Mariana Wainstein contou no debate que os intérpretes de seus filmes “são bem conhecidos na Argentina”. Em especial Eugenia “China” Suárez, atriz de telenovelas, de perfil pop e expansivo. “Tanto que tive que pedir a ela um registro discreto, um caminhar e um gestual nada espalhafatoso”.
Os intérpretes dos patrões “são atores de filmes independentes e de teatro, ambos muito respeitados”. Minerva Casero, atriz e cantora vinda de família de artistas, teve destaque na série “Iosi, o Espião Arrependido”. Ela é tão bonita — comentou a diretora — “que tivemos que neutralizar sua beleza com lentes nos olhos e outros procedimentos”. Felipe Otaño se destacaria no elenco do badalado longa espanhol, “A Sociedade da Neve”. Mas, por tratar-se de filme-coral, seu rosto não ficou marcado na retina do espectador brasileiro.
Nos créditos de “Linda”, aparecem os nomes de seis ou sete roteiristas. O que nos leva a pensar num filme excessivamente construído e, até, genérico. Mariana Wainstein, roteirista de longa carreira, faz questão de deixar claro que os nomes masculinos listados na ficha técnica deram “valiosa colaboração à construção dos personagens masculinos”. Mas que o roteiro filmado foi escrito por ela e duas colegas, portanto, por três mulheres.
O filme já foi lançado na Argentina, recebeu boas críticas e vendeu 30 mil ingressos. Um número que Mariana considera significativo, “já que estamos vivendo um período muito difícil de nossa história cinematográfica”. Claro que a diretora se refere aos tempos de Javier Milei, o presidente neo-liberal que quer cortar, o mais que puder, os subsídios à cinematografia detentora de dois ‘Oscar’ de filme internacional (“A História Oficial” e “O Segredo dos Seus Olhos”).

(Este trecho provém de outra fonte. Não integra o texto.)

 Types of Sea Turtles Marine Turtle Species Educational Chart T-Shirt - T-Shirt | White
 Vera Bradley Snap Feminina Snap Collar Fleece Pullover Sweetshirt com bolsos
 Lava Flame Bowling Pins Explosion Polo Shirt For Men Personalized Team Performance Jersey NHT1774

O Boletim Filme B, editado por Paulo Sérgio Almeida, traz, na edição dessa semana (a segunda de novembro), estatísticas citadas pelos novos comandantes do INCAA (o Instituto de Cinema Argentino), empenhado em mudar os mecanismos de fomento audiovisual.
As regras anunciadas pelo Governo Milei estabelecem que só poderão acessar recursos públicos os produtores de filmes que venderem, no mínimo, 10 mil ingressos. Para tais autoridades, “236 produções receberam, no último ano, subsídios estatais”. Mas “somente 4 deles superam os 100 mil espectadores (caso de “O Jóquei”, o indicado do país ao Oscar), 13 foram além dos 10 mil (caso de “Linda”), 100 ficaram abaixo de 10 mil”, etc, etc.

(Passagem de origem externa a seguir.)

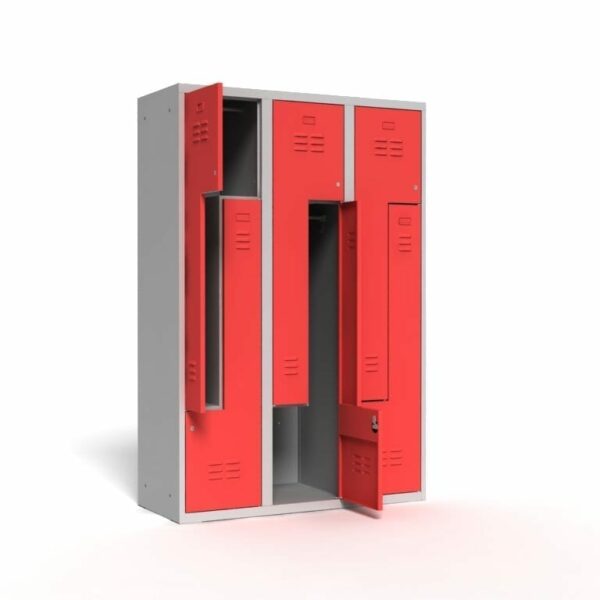 6-compartments "L" shaped wardrobe locker, width 1200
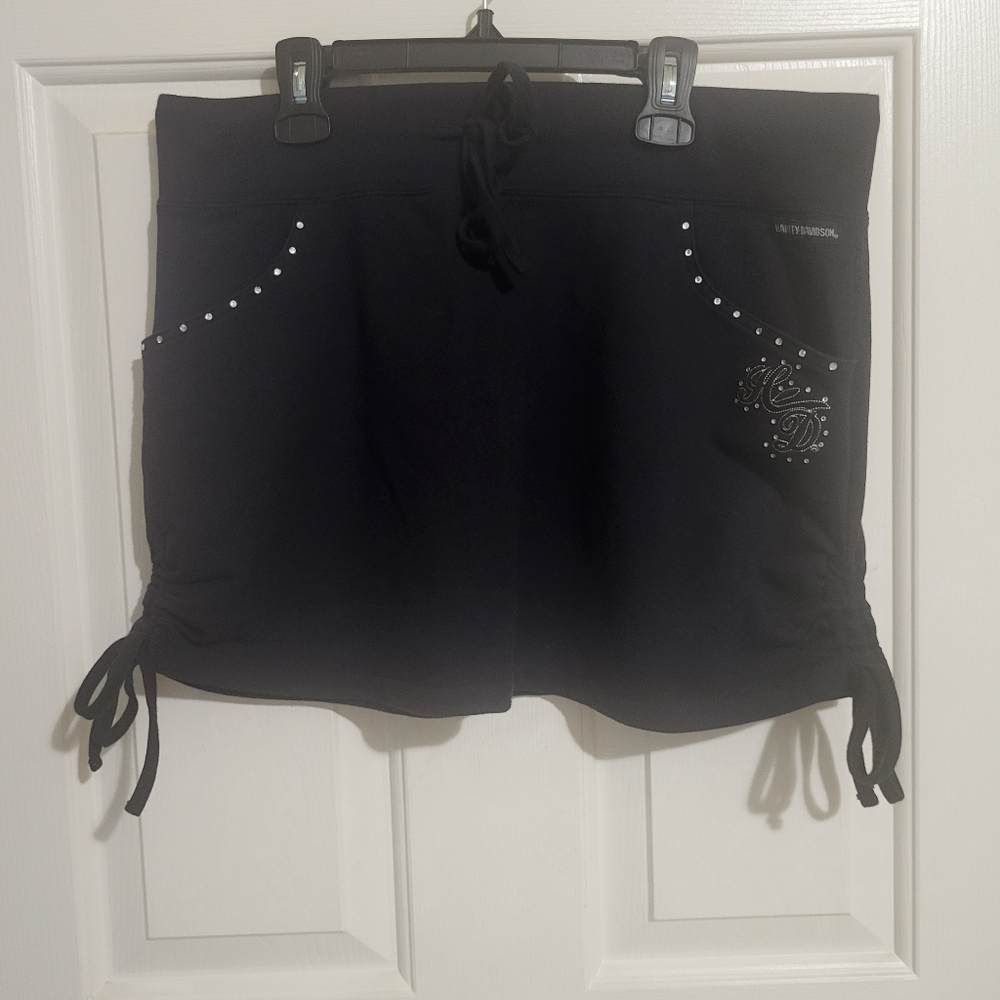 Harley Davisdon Black Knit Skirt with Drawstring and Rhinestone Details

Mariana Wainstein conta que cineastas e associações profissionais desmoralizaram os números apresentados pelos burocratas de Milei. “Fazemos parte de uma indústria que alimenta centenas de famílias e projeta nosso país no exterior. Esses dados são falsos, são assacados para justificar o triste desastre e abandono que estamos vivendo”.

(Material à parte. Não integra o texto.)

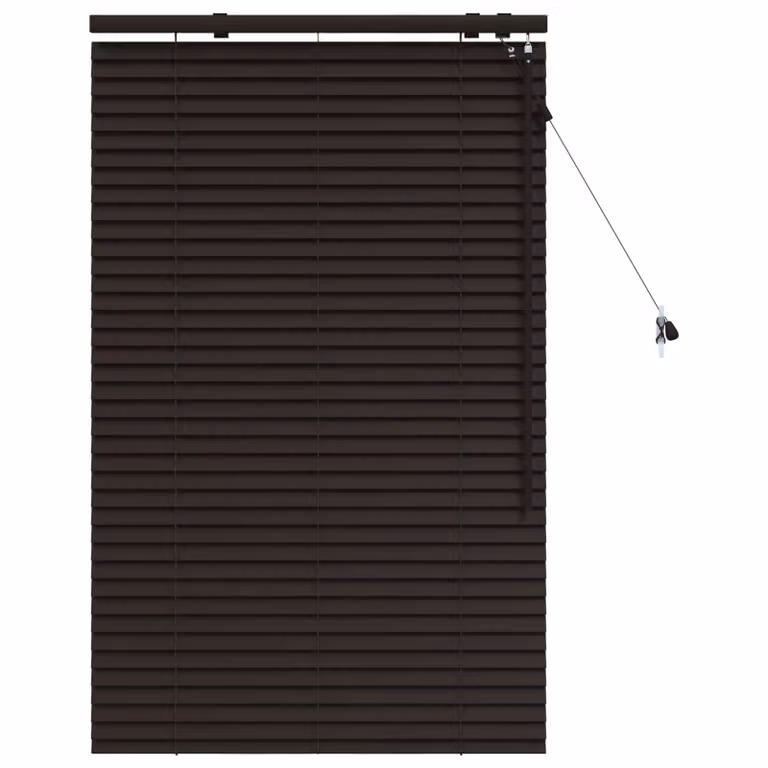 Persiana veneciana de madera vidaXL en marrón oscuro, An: 95 cm, Al: 130 cm, con lamas de 35 mm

Testemunho de quem integra equipes de séries exibidas pela Netflix e Amazon. E estreou com um filme que vendeu 30 mil ingressos. Portanto, ela está no segmento que será favorecido pelas novas regras do INCAA. Mas que vê o audiovisual argentino como um projeto de Nação. Não como uma uma forma de “inchar pelotas” (atormentar, ou na gíria portenha, “encher o saco”) de quem quer ver o cinema Argentina brilhando em seu próprio território e fora dele.